“If you need any more help, my name’s Maureen. You can find me around here. Good luck moving in!” Maureen Mota, a tall woman with a big smile, strides out of a soon-to-be resident’s room in Shafer Hall, looking for other students moving in who need help adjusting their bed height. A few floors below, amidst the students and parents shuffling in the elevator carrying twenty-gallon storage bins and various pieces of furniture, a shorter but equally strong woman is quietly tidying up the common room. Paula Glorioso is fluffing the couch cushions and arranging them to present Shafer Hall at its best. Parents stop and peer inside at the beautiful room.

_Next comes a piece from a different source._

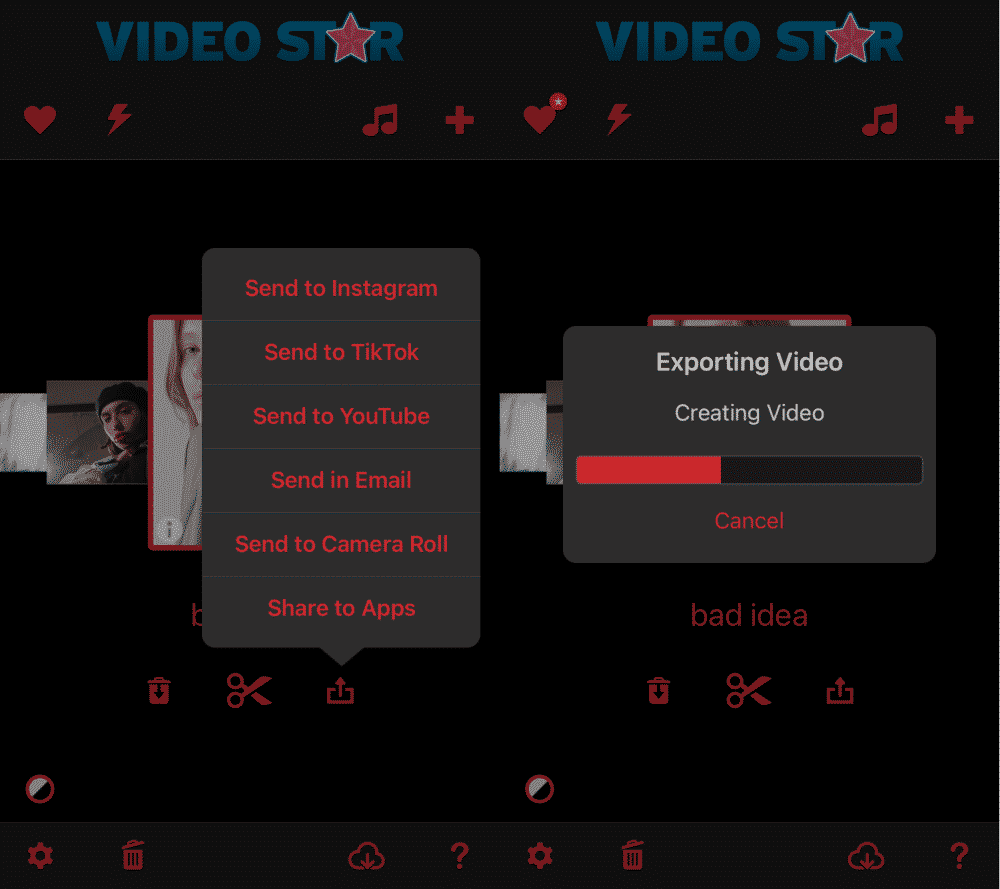 صورة لـ أفضل الطرق لتحسين جودة تعديلاتك على مقاطع الفيديو باستخدام Video Star | 189RP8rqROXg-vxheWeG8vg-DzTechs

Mota and Glorioso are longtime friends and also the custodians of Shafer Hall. Their daily routine begins at 6 a.m., as they take out the trash, check the bathrooms and resolve any issues that have occurred overnight. Glorioso tends to the ground, first and second floors while Mota works on the third, fourth and fifth. They have both seen many classes of students come and go. Mota joined Wellesley College in 1987 after having waitressed for 15 years in the MetroWest area, while Glorioso applied to work at Wellesley in 1996 after her previous workplace closed.

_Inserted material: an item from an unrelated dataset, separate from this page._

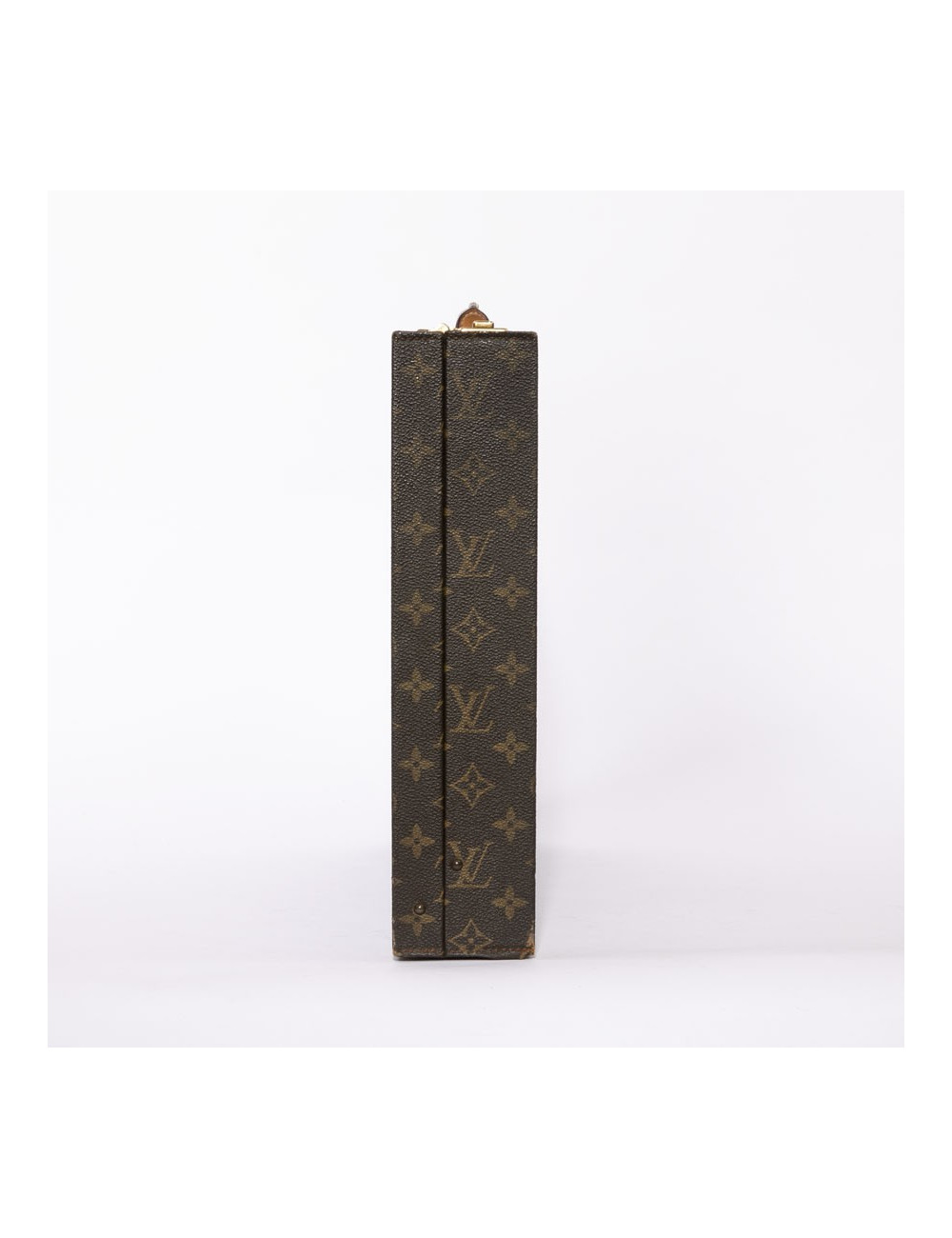 Attaché case LOUIS VUITTON toile mongram Vintage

Though Glorioso has worked at Wellesley for less time than Mota, she is no stranger to the College and fondly remembers playing around the campus as a child.
“[As a child], I used to play in the Italian Gardens and go to the boat dock and come over to the college. My friend’s mother worked here at the Davis Museum. We used to swim over [Lake Waban] and take a sailboat out,” Glorioso recalled.
Mota and Glorioso have both worked in other parts of Wellesley College before settling in Shafer Hall. Glorioso worked as a dining room attendant for three years in Tower Court and then for 10 years in the kitchen of Cazenove Hall. Mota started in Tower Court as a custodian before moving to Pomeroy and then spending 15 years in Bates Hall. “Then I came to Shafer, where I love,” Mota recounted. “I’ve been here about 10 years.” Mota and Glorioso fondly refer to the Quad as a “community within a community.”
Along with their routine work, Mota and Glorioso often have to take care of overflowing toilets, bulky unbroken boxes that have been incorrectly discarded and trash cans heavy with undrained bottles of soda. Consequently, the trash cans are filled up more quickly and other trash is left on the floor.
“[Some] people don’t think about the person behind them. We understand the college experience, but it’s common courtesy for the people around you when you’re living with 100 other people. Have respect for each other and the custodians. We’re here to make your lives easier but we’re not your mother,” said Mota, kindly.
For those who are confused as to where to take their trash, Mota and Glorioso have printed and posted several signs around the Hall regarding where to dispose garbage and how to keep other facilities in good shape, such as keeping the shower curtain closed to prevent overflow.
Despite these recurring issues, Mota and Glorioso are very happy to be here and spend more hours at Wellesley than they do at home.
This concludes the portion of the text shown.